Why get a warrant when you can use a statute instead?
We the People understand and appreciate that law enforcement's job is to investigate crime by collecting evidence to be used in a criminal prosecution. In the DWI context, an officer's primary goal is to generate evidence of a suspect driver's blood alcohol concentration.
Are you aware that there is no legal requirement that law enforcement pursue license revocation when an officer suspects a driver of DWI? Chemical testing may be required at the discretion of the officer. The implied consent advisory only comes into play if the officer chooses to pursue a revocation.
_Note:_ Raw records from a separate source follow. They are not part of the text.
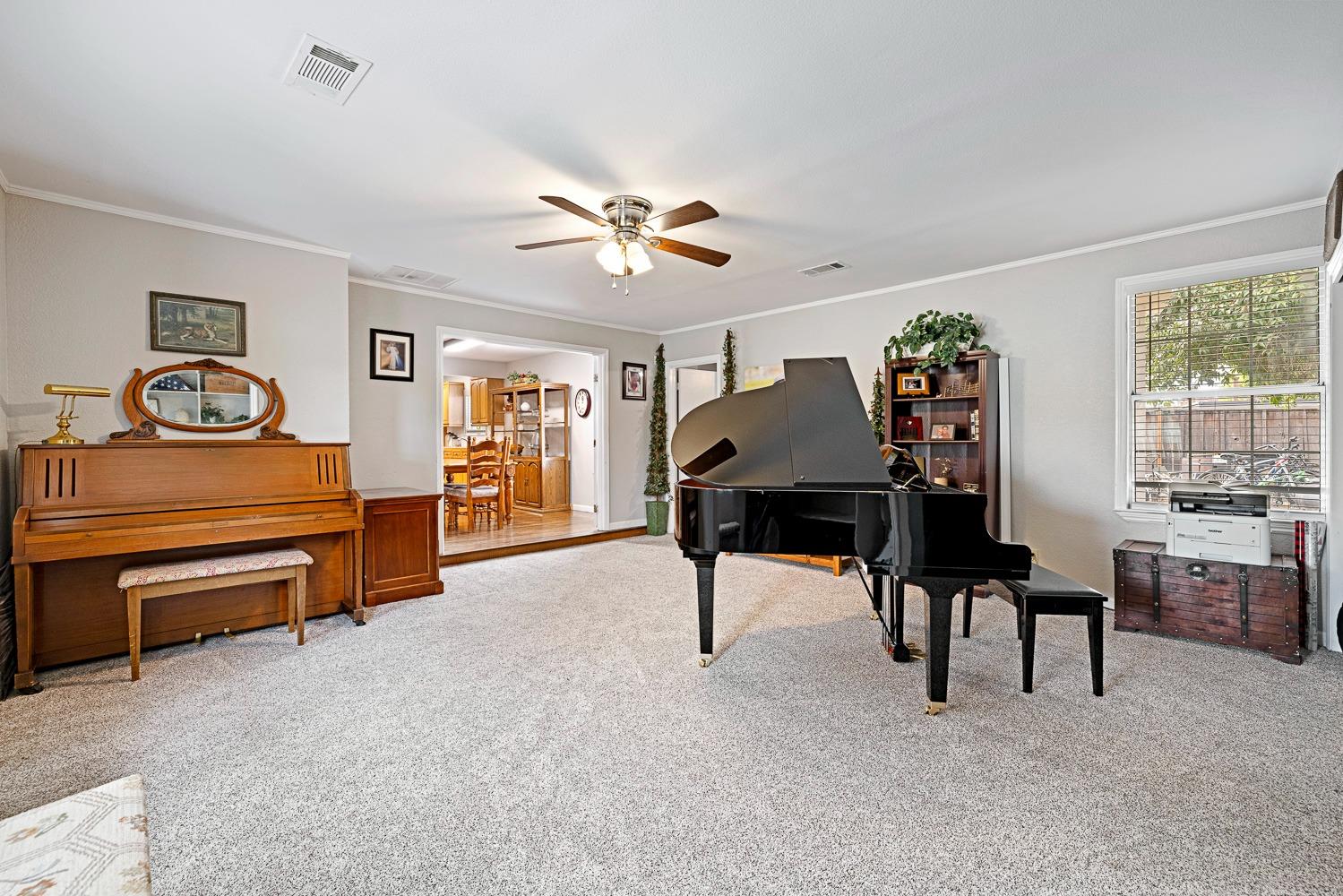 2637 Dewitt Avenue Clovis, CA 93612 - Photo 6 of 25 a living room with furniture piano and a window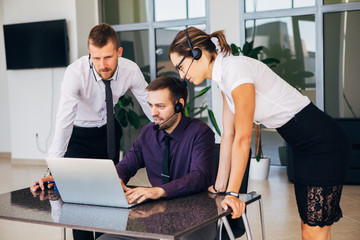Sales assistants working with computers in an office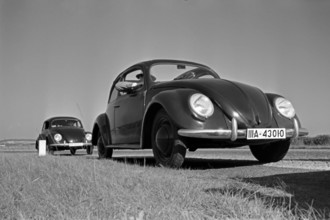 KdF Wagen Zwei Modelle des Volkswagen Käfer, oder KdF Wagen, mit offenem und geschlossenem Dach am Rande einer Teststrec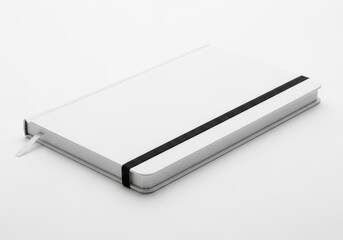 A white notebook with a black elastic band on a plain white background.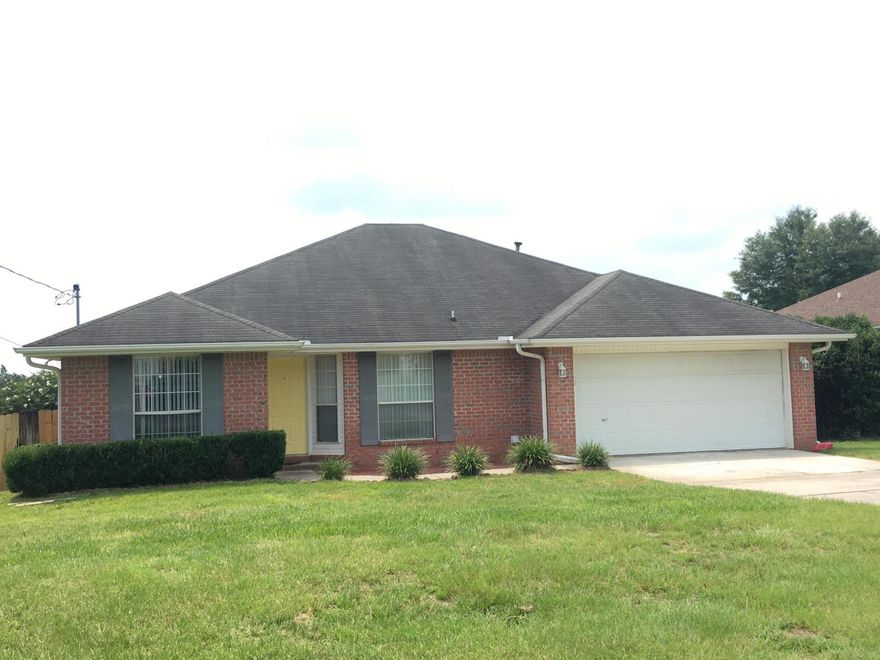 Split  4 bedroom 2 bath home south of I-10 off P.J. Adams Pkwy. Home is around the corner from Antioch Elementary School. (walking distance). Large master suite, master bath with  garden tub, double sink & vanity. Tile and wood flooring  in most of the home. 3 bedrooms have carpet. Large deck, privacy fence, new gate, new garage door opener 7/2021, New roof 10/21, fireplace, dining room, open kitchen with island & breakfast bar opens to great room. Kitchen appliances, washer & dryer are 'AS IS'. Property to be sold AS IS. Nice clean home!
In other words, an officer doesn't have to read the implied consent advisory to a DWI arrestee; the officer has a choice. She has two options; both accomplish her primary goal of gathering criminal evidence, but only one is constitutional: (1) read the implied consent advisory that makes it a crime to refuse a chemical test, or (2) submit probable cause to a judge to get a search warrant. Convenience or Constitution?
From the officer's perspective, of course it is more convenient to rely on a statute to execute a search than it is to go to the trouble of getting a warrant.
But We the People didn't write the Fourth Amendment from the officer's perspective, for government convenience. The Constitution didn't create rights. We the People have individual rights, and We the People wrote the Constitution to ensure that government honors and protects those rights. (And We certainly didn't empower the legislature to create offense-specific exceptions to the warrant requirement.)
We wrote the Constitution to regulate our government. It sure would be nice if government played by the rules.